With no oil reserves and little strategic importance, and bereft of ethnic lobbies in Washington, the Yugoslav nations and their plight were studiously avoided by every presidential candidate and media network. Bill Clinton's initial promise to be more 'active' in Bosnia was nothing but a careless remark, largely intended to score electoral points.
With some justification, the new administration claims to have inherited an impossible task in the Balkans: by the time Mr Clinton ended up in Washington, Bosnia was already carved up and millions were uprooted. The haphazard policy that was applied, however, merely compounded the problem.
Like the Europeans, idle Americans huffed and puffed. And like the Europeans, they always believed that Yugoslavia should be sorted out by someone else. Aggression and ethnic cleansing must not be allowed to succeed, Mr Clinton proclaimed. Quite so, but preventing aggression is an international responsibility, not one confined to a single continent. And when it came to upholding these principles, Washington suddenly claimed that it was up to the Europeans. The result was the worst of both worlds: Bosnians kept dying while the acrimony across the Atlantic grew.
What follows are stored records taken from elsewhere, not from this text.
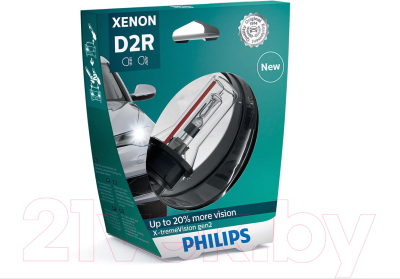 Автомобильная лампа Philips D2R 85126XV2S1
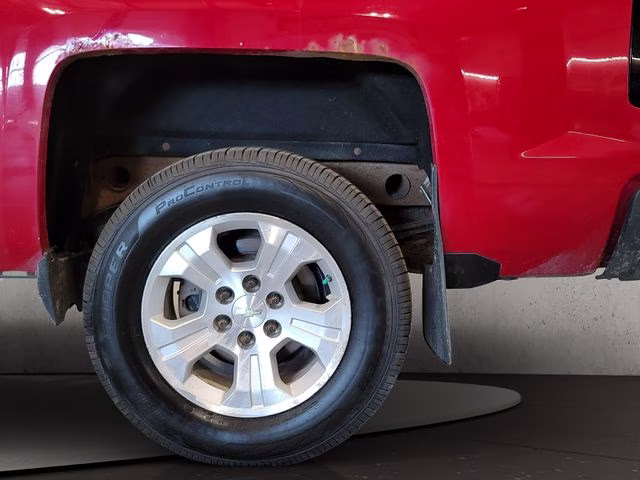 2014 Victory Red Chevrolet Silverado 1500 LT 4X4 Truck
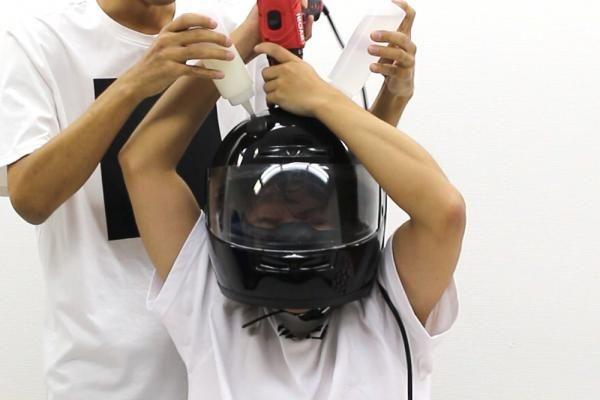 天寒地冻最啱用！超狂“电钻自动洗发机”挑战人类懒散极限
The US, largely created by people who left their mother countries to escape the effects of nationalism, has always found it hard to understand ethnic and territorial disputes. Since ethnic violence within the US does not have territorial implications, it is usually seen as just a social problem. Generations of Americans have therefore believed that wars over territory and religion are simply fomented by wicked leaders: remove Saddam Hussein or Slobodan Milosevic and all will be well. According to this reasoning, every conflict must have a neat solution. Earlier this century President Woodrow Wilson put forward 14 points to sort out the world, four more than even God thought necessary. More modestly, Mr Clinton offered Bosnia only two: 'lift and strike'. The administration proposed to supply the Muslims with weapons while US planes bombarded the Serbs.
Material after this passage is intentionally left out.